Unfortunately, instead of being recognized for its contribution to wealth, better technology is all too often demonized as a threat to employment, particularly in low-income countries without social safety nets. Intuitively, people care more about the jobs and income streams that already exist than the potential future savings from automating their jobs—a bird in hand, as they say. But a new paper by Mehmet Ugur and Arup Mitra of the University of Greenwich shows that even in very poor countries, technology is far less threatening than it may appear.

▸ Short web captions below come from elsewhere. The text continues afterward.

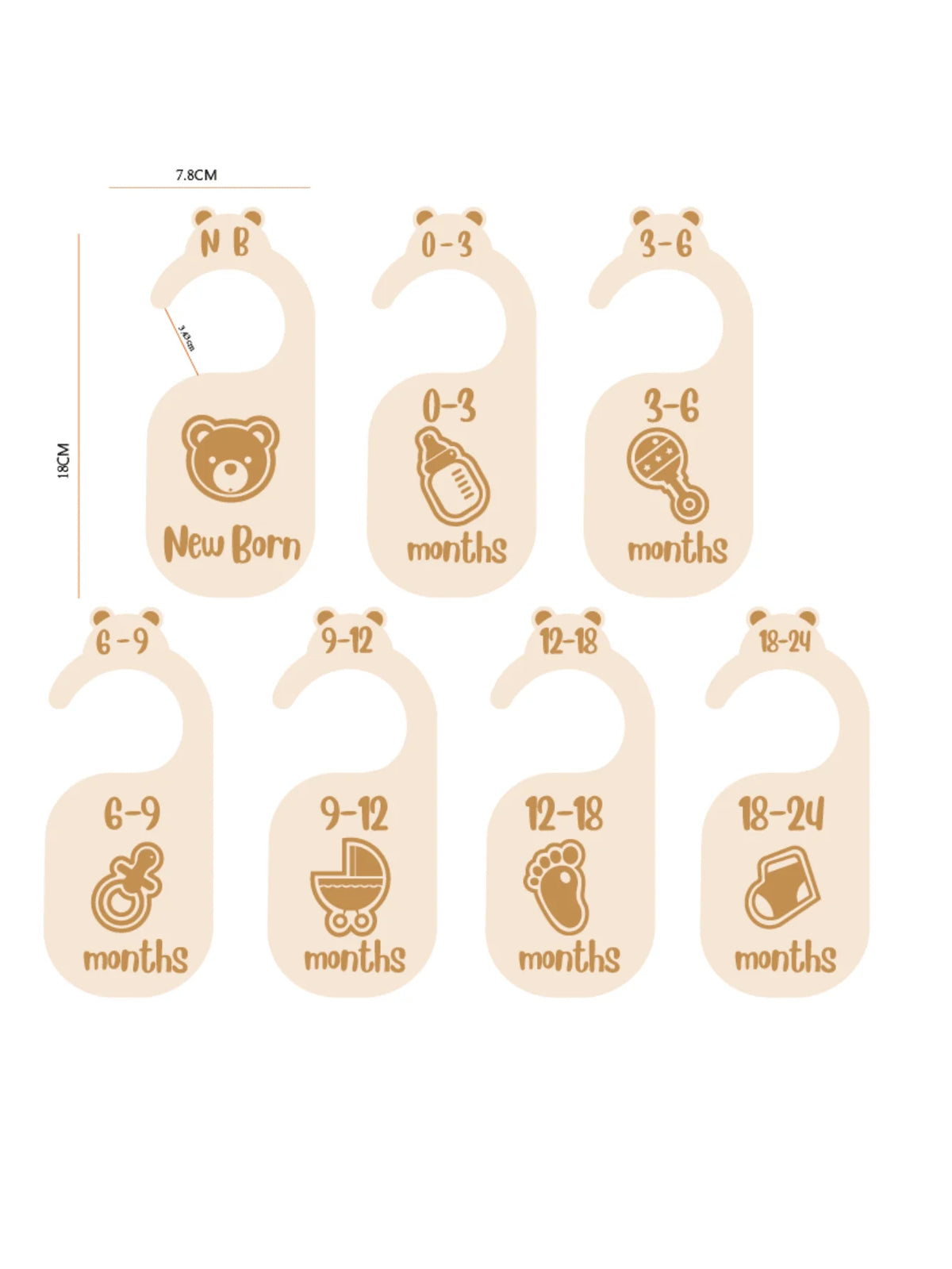 Measurement and range of wardrobe dividers on white background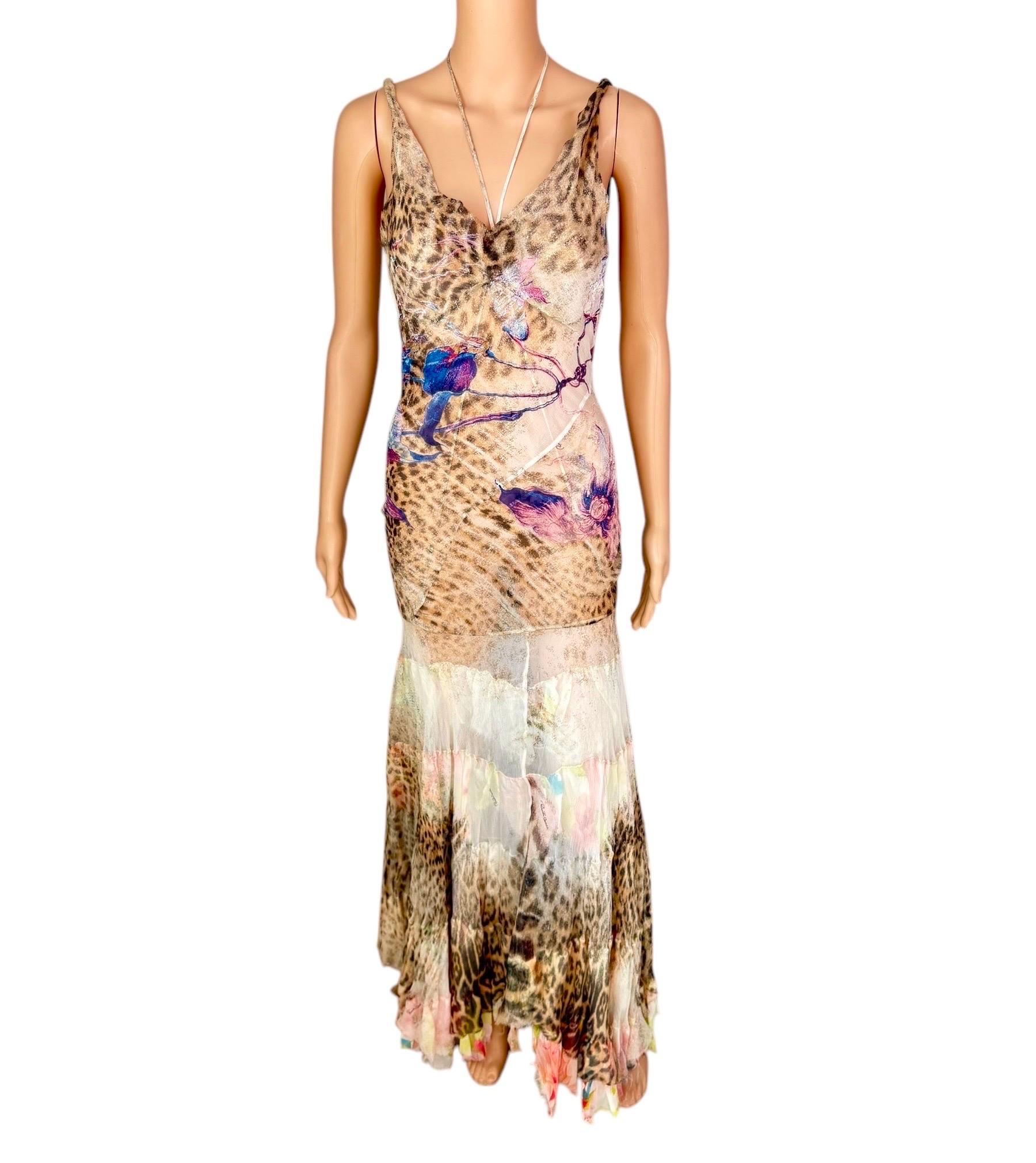 Roberto Cavalli S/S 2002 Runway Sheer Silk Animal Floral Print Evening Dress For Sale 8
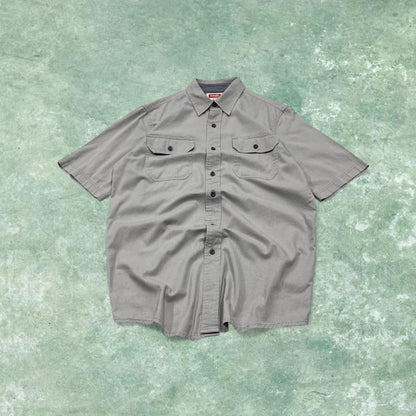 Y2K Wrangler short sleeeve shirt grey Workwear style button down summer shirt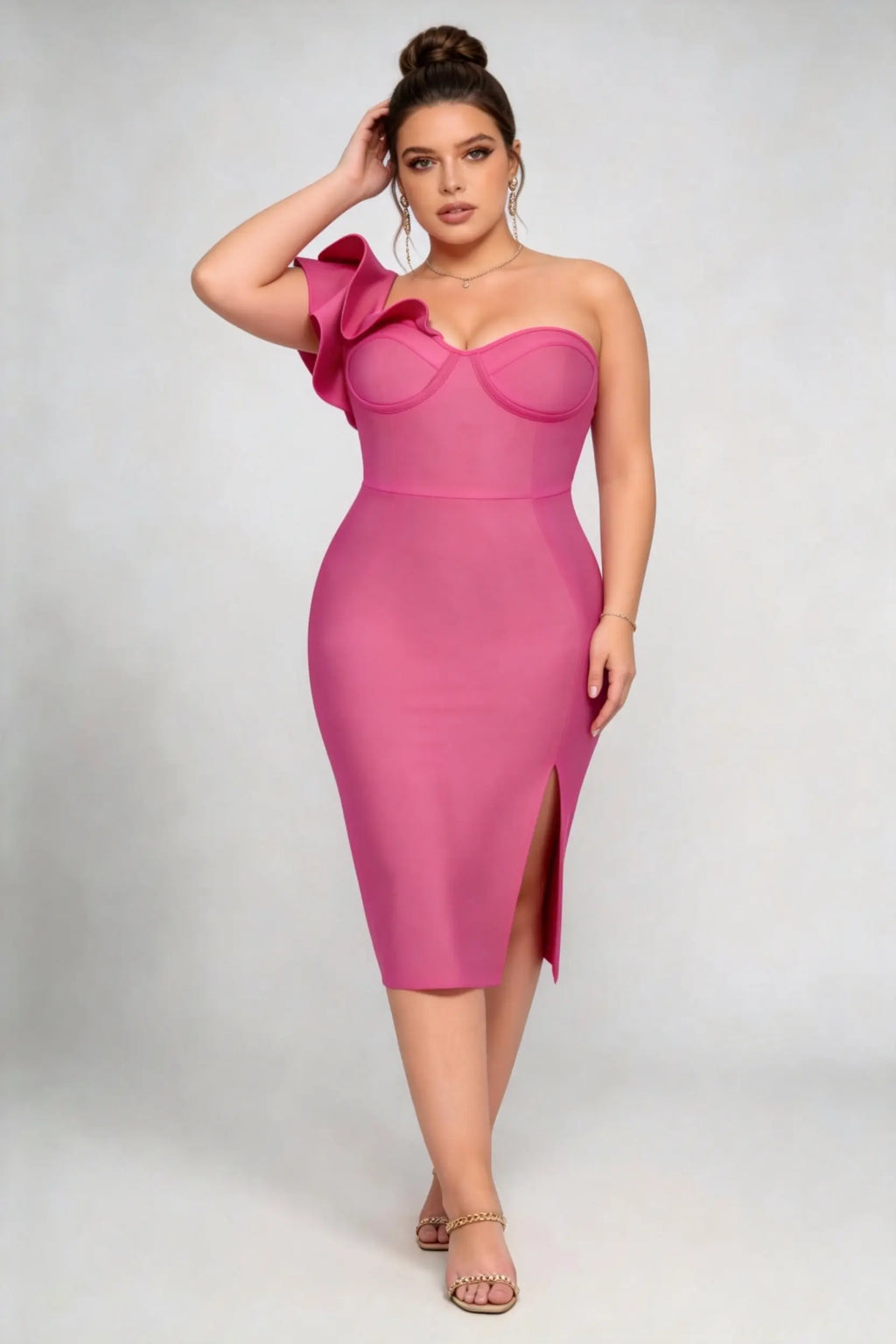 Plus Size Rose Red One-Shoulder Ruffle Bandage Dress with Slit
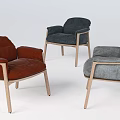 Modern Armchairs with Multiple Color Options and Wooden Legs for Living Room Decor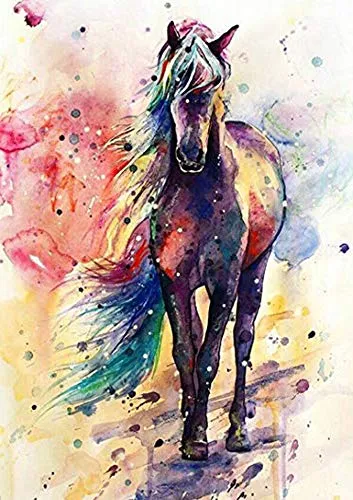 Maysurban 5D Diamond Painting Kit Completo Drill DIY Kit Pittura Diamante Kit Strass Pittura Kit per Decorare Casa Cavallo di Piombo colorato 30x40cm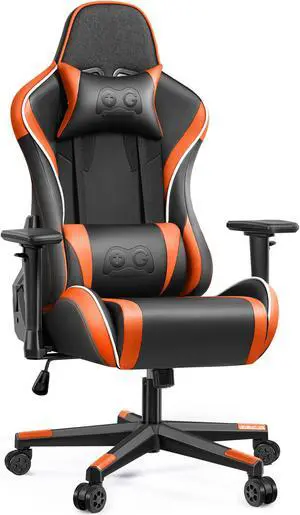 KERDOM Ergonomic Gaming Chair with 3D Armrests, Adjustable High-Back Computer Chair, Swivel Desk Chair with Lumbar Support for Gamers Black / Orange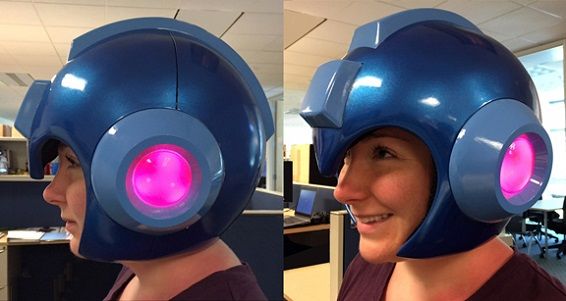 Tragbarer Mega Man-Helm vorbestellbar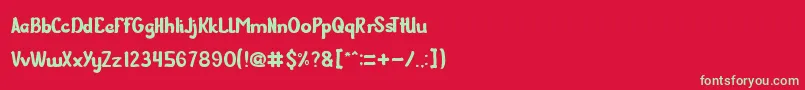 フォントGuitarOnStage – 赤い背景に緑の文字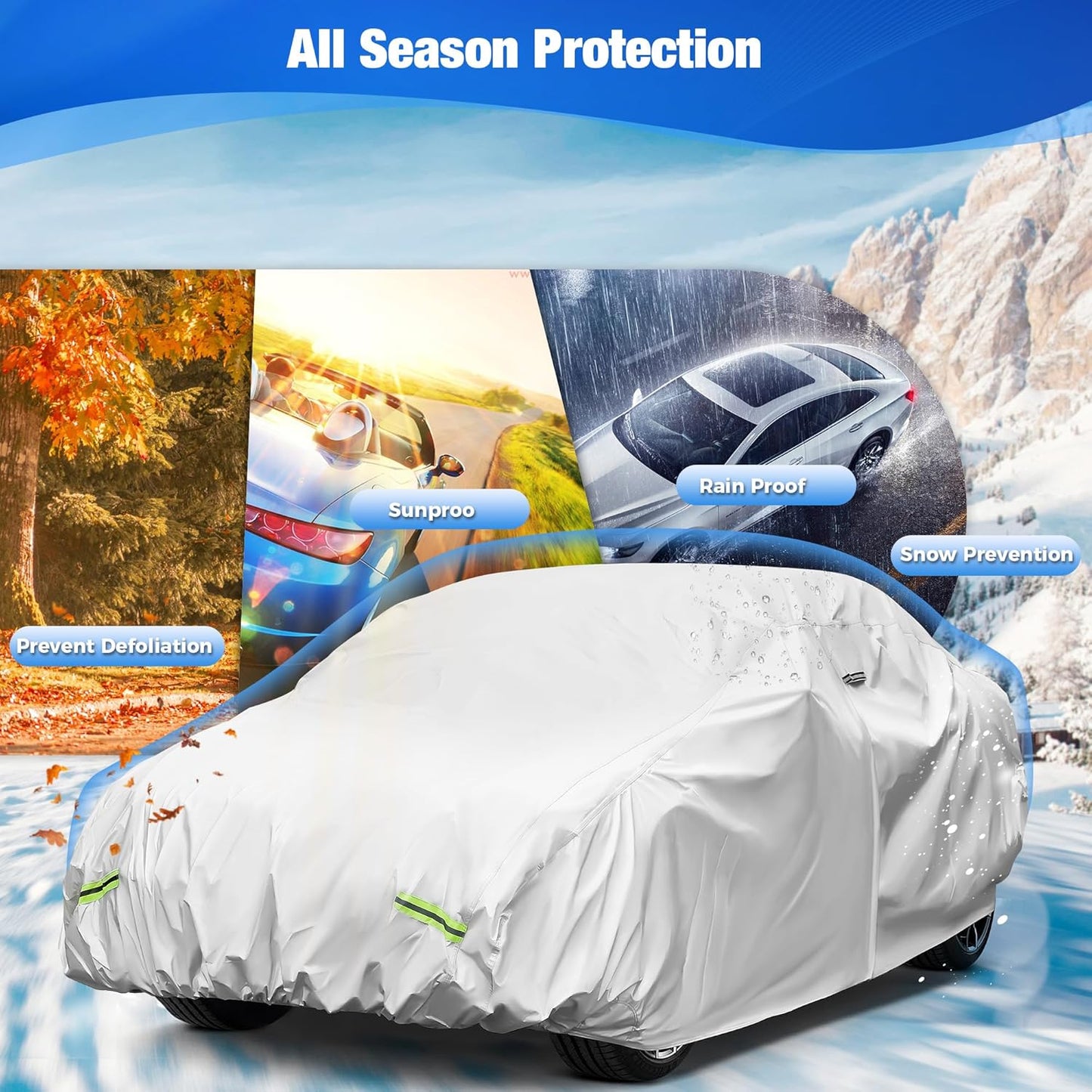 YOLENY Car Cover Waterproof All Weather Full Exterior Covers with Zipper,Universal Fit Sedan Chevrolet Corvette,Ford Fusion,Kia Stinger,Nissan Maxima,Subaru Legacy,Honda Accord etc.(UP to 191 inch)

We have argued here before that robots are not taking our jobs: in the long run on a macro level productivity increases have no relationship with either the total number of people employed or with the level of unemployment. This is because when automation or other technological improvements decrease costs or increase output, there are many different ways those changes work their way through the economy. While some technologies do eliminate jobs in the short run, others create them or have no effect. Moreover, in the long run the effect is basically neutral because new productivity also creates new demand.

These “second-order” effects are very powerful on a macro level and tend to override short-term first-order effects even when those effects are relatively uncomplicated. While this has been the accepted orthodoxy in economics for some time, it hasn’t been obvious that it applies to lower-income countries in addition to developed countries. The economies of lower-income countries are often substantially different than developed-country economies, with far greater unemployment and informal employment, a much larger agricultural sector, and too little or too much regulation.

However, Ugur and Mitra conduct an extensive meta-analysis of other studies that have examined the impacts of technology on employment in low-income countries. The primary finding is that there is no easy cause-effect relationship from innovation to employment. Instead, the effect of innovation on employment depends a variety of factors in the developing country:

  • type of innovation (product versus process innovation)
  • skill types (skilled, unskilled and all-skill labor employment)
  • level of analysis (effects at firm/farm, sector and macro levels)
  • forward/backward linkages
  • income levels and distribution
  • international trade
  • institutional quality

The authors also found that skilled labor employment typically fares better than unskilled labor, and that the manufacturing-sector employment tends to benefit more than employment in agricultural sectors.

While Ugur and Mitra caution against simplistically recommending innovation policy as employment-creation policy, they do find that in the right conditions innovation can positively impact jobs. Once again, the simple story about jobs and technology is shown to be wrong.